This comes in several different parts, all imperfectly melded together. Maybe you'll see the seams in these imperfections. That's good. Perfection is dull and dulling.


--


My friend Kaleb Horton died last week. It was sudden and unexpected and he was young, as these things go. But if you know Kaleb, you know he wasn't actually young, if he ever was, though he still had a smile and presence that one might call wickedly cherubic, always something sharper underneath it.


His death wasn’t supposed to happen. It never is, right? That’s right. We’re supposed to have that long and fulfilling life and career, leaving behind some kind of legacy, whether in blood or works or writings. We know that this corpus can’t go with us, so we craft our own ghosts in life. We create some remnant, in the tallied collection of our efforts, our own etchings on the stuff of time, on other people around us should we be so lucky. Even in the atomized reality we’re in now, friends and groups scattered in overlapping but never touching networks like the canopy of a forest almost in contact with one another, but somehow not quite.

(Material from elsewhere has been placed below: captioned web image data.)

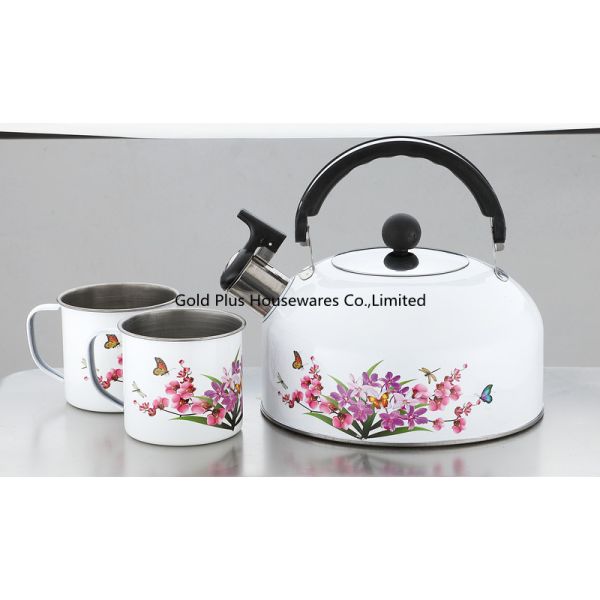 Safety Alarm 0.11cbm Stainless Steel Whistle Kettle With 2 Cups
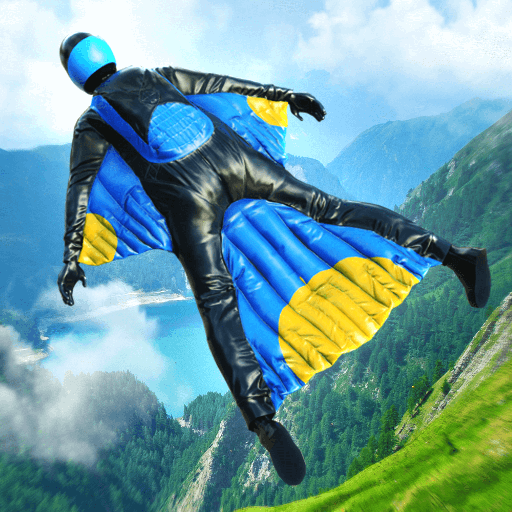 presto Base Jump Wing Suit Flying Icona del segno.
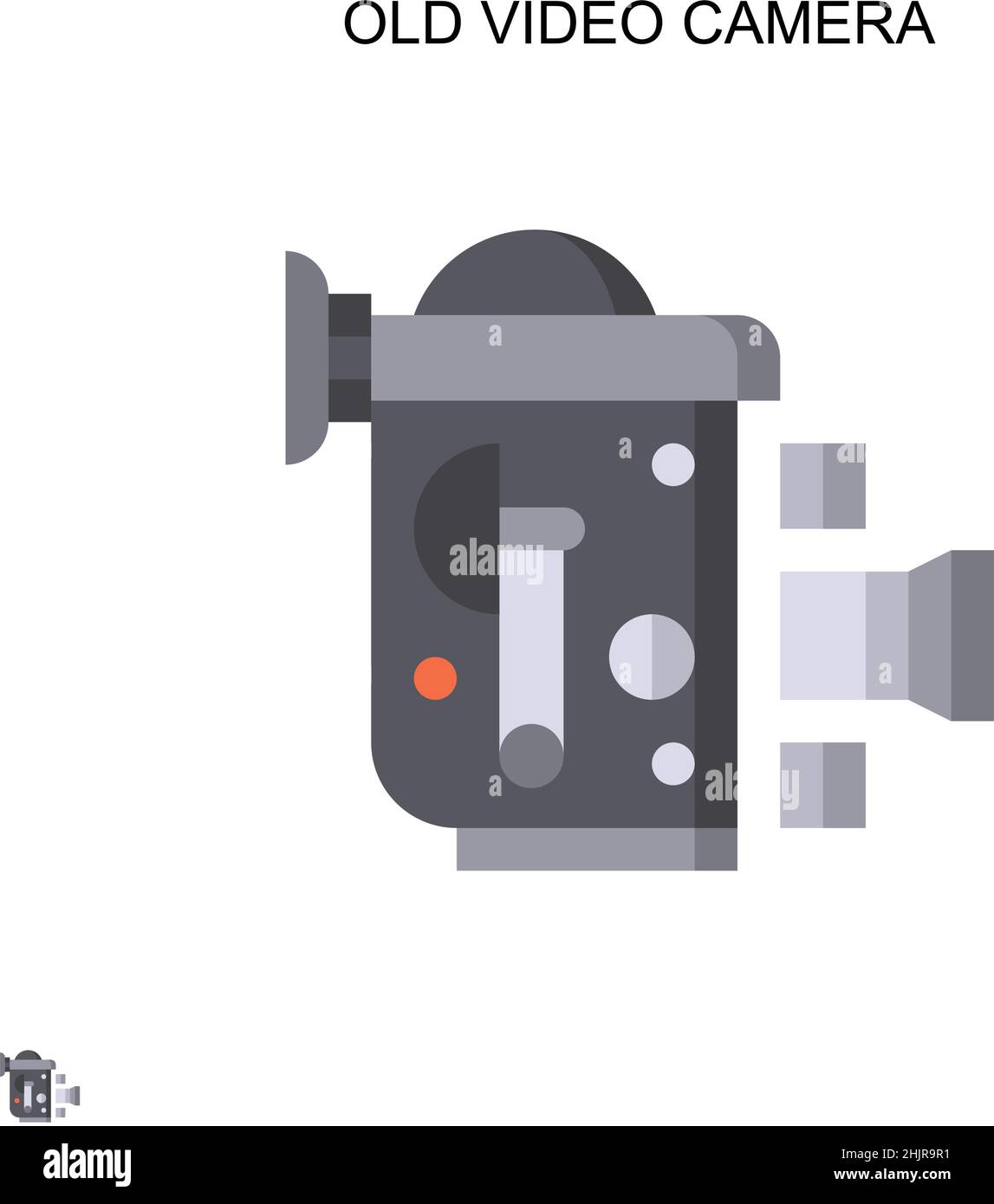 Old video camera Simple vector icon. Illustration symbol design template for web mobile UI element. Stock Vector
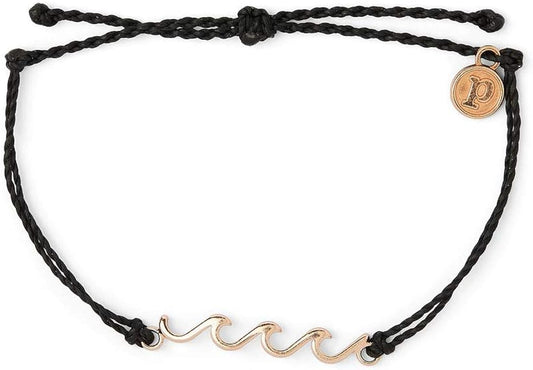 Pura Vida Rose Gold Delicate Wave Bracelet - Black Jewelry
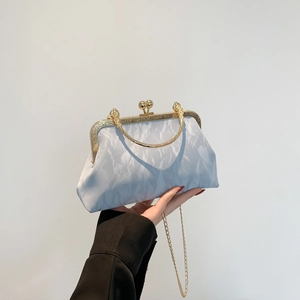 Retro light blue pleated shell bag with golden metal frame and chain strap for women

Overlapping but never touching.


Wonder if that number still even rings
Wonder if that number still even rings

In our lifetimes, we’re writing these pages or posts, taking these pictures, painting on pages, welding steel into something more, being with these people not ourselves. Whether or not this constitutes a magnum opus or not is outside of our control. As is the reaction to any piece of art that we make. We can only make and do and be and cannot bend that in the way that we necessarily desired. We can not make people love or hate us, not by intent. We can be and evocation happens or no.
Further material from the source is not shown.